ある英語の先生の話です。子どもたちは英語の授業は楽しいと言ってくれるのですが、なかなか学力がつかないという相談をいただきました。授業を見てみると、子どもたちが楽しく参加できるような工夫がたくさんありました。人形劇のセリフを全員で発音させたり、小グループで寸劇を取り入れたりしています。また会話の練習では次々にペアを変えて何人と話せたかを競わせるなど、コミュニケーション活動を大切にした授業です。
一見すると子どもたちは非常に積極的で、コミュニケーションがとれているように思えました。ところが、よく見ていると、子どもたちは自分のセリフをしゃべることに集中しているためか、何度も繰り返すうちにだんだん声が大きくなりテンションが上がっていきます。ペアの会話では、自分のパートのセリフばかり気にしているので、パートナーが話し終えるや否やすぐに話しだしたり、時には、パートナーが話し終えていないのにさえぎって自分のセリフを言ってしまいます。また互いに向かい合っていても、相手の顔をきちんと見ていません。子どもたちは相手をきちんと受け止めてかかわり合うことができていなかったのです。これでは、一つひとつの活動がきちんと学力として定着していきません。

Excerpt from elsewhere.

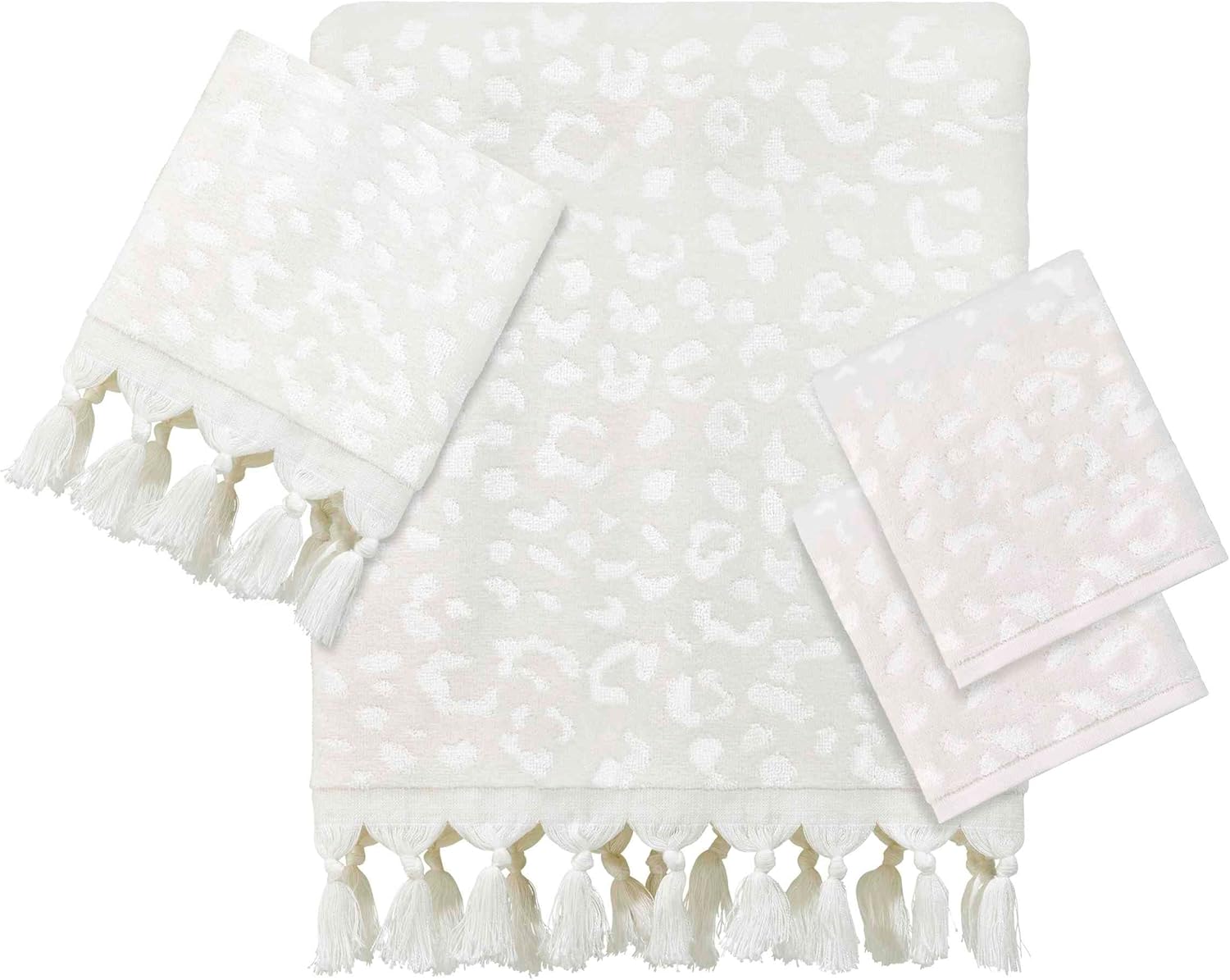 Nicole Miller Soft Cotton Washcloths Set of 4 Animal Print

そこで、相手の言葉を聞く活動を取り入れるようにアドバイスをしました。例えば、ペアの会話では、質問に対して答えを一つに決めておかず、いくつかの中から選ばせたり、毎回違うことを答えさせたりします。そして、その答えに応じて、もう一度言葉を返すのです。つまり会話を1往復で完結させずに、最低1往復半するようにするわけです。そして、会話が終わった後に、互いの良かったところを指摘し合うようにします。

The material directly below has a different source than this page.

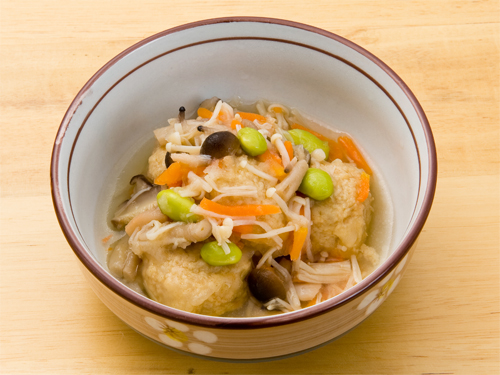 お気軽オーダー 鶏団子のきのこあんかけ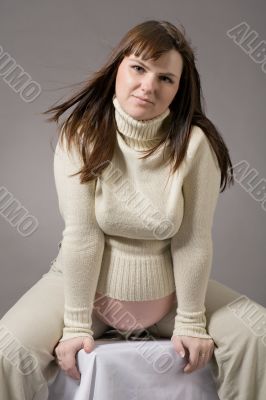 pregnant woman portrait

また、教師と子どものQ&Aでは、"What did you have for breakfast ?" "I had bread for breakfast." といったやり取りをした後は、必ず "What did [… san] have for breakfast?" とやり取りの内容を他の子どもに聞き返すようにします。このようにして、子どもたちに友だちの言葉を聞く姿勢をつけるような工夫をお願いしたのです。
それから数カ月して、また授業を見せていただきました。子どもたちの様子は驚くほど変わっていました。自分のセリフを言うことだけに精一杯で、いわゆるテンションが高すぎた子どもたちが、相手を見てうなずきながら聞いています。友だちの質問に対しては、少し間をおいてゆっくりと考え、答えています。声も相手に聞こえるには十分です。何より相手に自分の言うことを聞いてもらいたいという気持ち、相手の言うことを聞きとろうとする気持ちが表情や姿勢に現れています。そばにいた先生に「しっとりしていますね」と、思わず声をかけました。
このように、しっとりした授業とは、子どもが互いに相手を「理解しよう」「受け止めよう」、「理解してもらおう」「受け止めてもらおう」としている授業のことだと思います。それは落ち着いた「テンション」、適度な「反応の速さ」、互いに顔を見あう「姿勢」に現れます。このような授業をぜひ目指してほしいと思います。